Deployable Joint Command and Control satellites send and receive information at the Joint Task Force 505 staging base at Utapao Royal Thai Naval Airfield, Thailand, May 12, 2015. (Alexander Martinez/U.S. Air Force)

Deployable Joint Command and Control satellites send and receive information at the Joint Task Force 505 staging base at Utapao Royal Thai Naval Airfield, Thailand, May 12, 2015.

Deployable Joint Command and Control satellites send and receive information at the Joint Task Force 505 staging base at Utapao Royal Thai Naval Airfield, Thailand, May 12, 2015. (Alexander Martinez/U.S. Air Force)

W. Patrick Murphy, the U.S. chargé d'affaires to Thailand, and Royal Thai Navy Rear Adm. Graisrl Gesom speak at the Thai-U.S. humanitarian aid and disaster relief Combined Coordination Center for Nepal in Utapao, Thailand, May 14, 2015.

W. Patrick Murphy, the U.S. chargé d'affaires to Thailand, and Royal Thai Navy Rear Adm. Graisrl Gesom speak at the Thai-U.S. humanitarian aid and disaster relief Combined Coordination Center for Nepal in Utapao, Thailand, May 14, 2015. (Matt S. Myers/U.S. Marine Corps)

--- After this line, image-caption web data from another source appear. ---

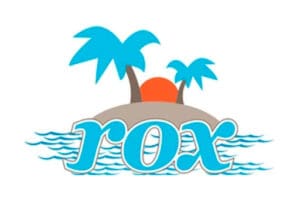 Rox Beach Weddings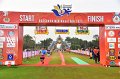 20250222-buasawan-minimarathon2025-495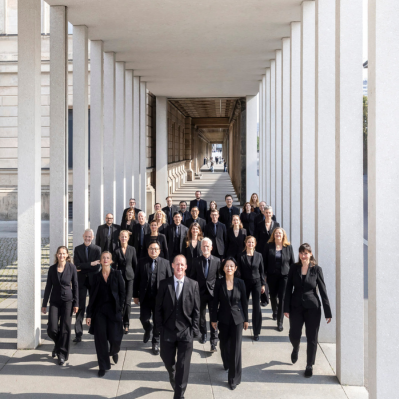 © Thomas Koy / Matthias Heyde
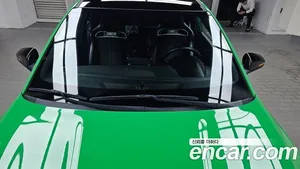 Hyundai Veloster, 2019 — миниатюра 30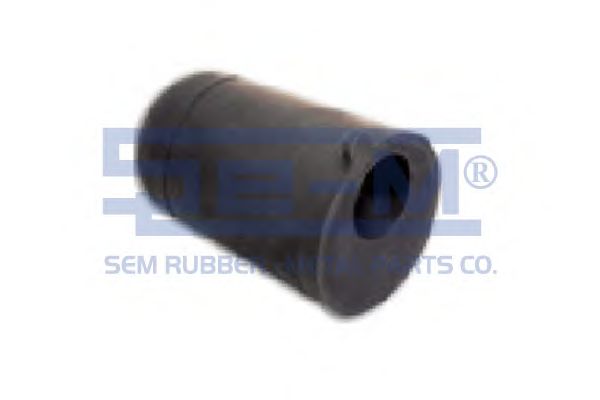 Буфер, амортизация SEM LASTIK 9021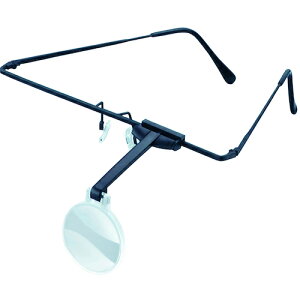 GbVFobnwWp@[N[y@t[^Cv@Њ჌Y@7{@yiԁF1644-57z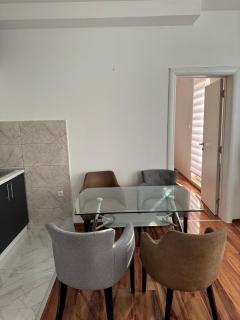 VEMA 3 Apartments - Belgrado - 2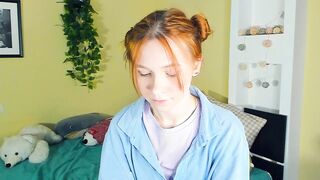 udeledobson - [Chaturbate Record] bisexual long hair cam squirt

Earthquake disaster relief efforts for Nepal have sparked a thaw in relations between the United States and Thailand, whose Utapao naval air field has served as a major staging area for supplies headed to the Himalayan country.

Relations between the two longtime treaty partners have been strained since the Thai military seized control of the civilian government during a coup in May 2014 and then postponed scheduled elections.

Many high-ranking officers in the Thai armed forces have felt that U.S. officials have been high-handed in dealing with the country, which was faced with escalating political protests and violence before the military coup leaders instituted martial law, since lifted.

Perhaps the most visible indicator of a shift in relations thus far came when W. Patrick Murphy, chargé d’affaires ad interim of the U.S. Embassy in Thailand, visited Utapao Royal Thai Naval Airfield on Thursday. There he glad-handed Royal Thai Navy Rear Adm. Graisrl Gesom, one of the senior Thai military leaders heading the joint relief effort.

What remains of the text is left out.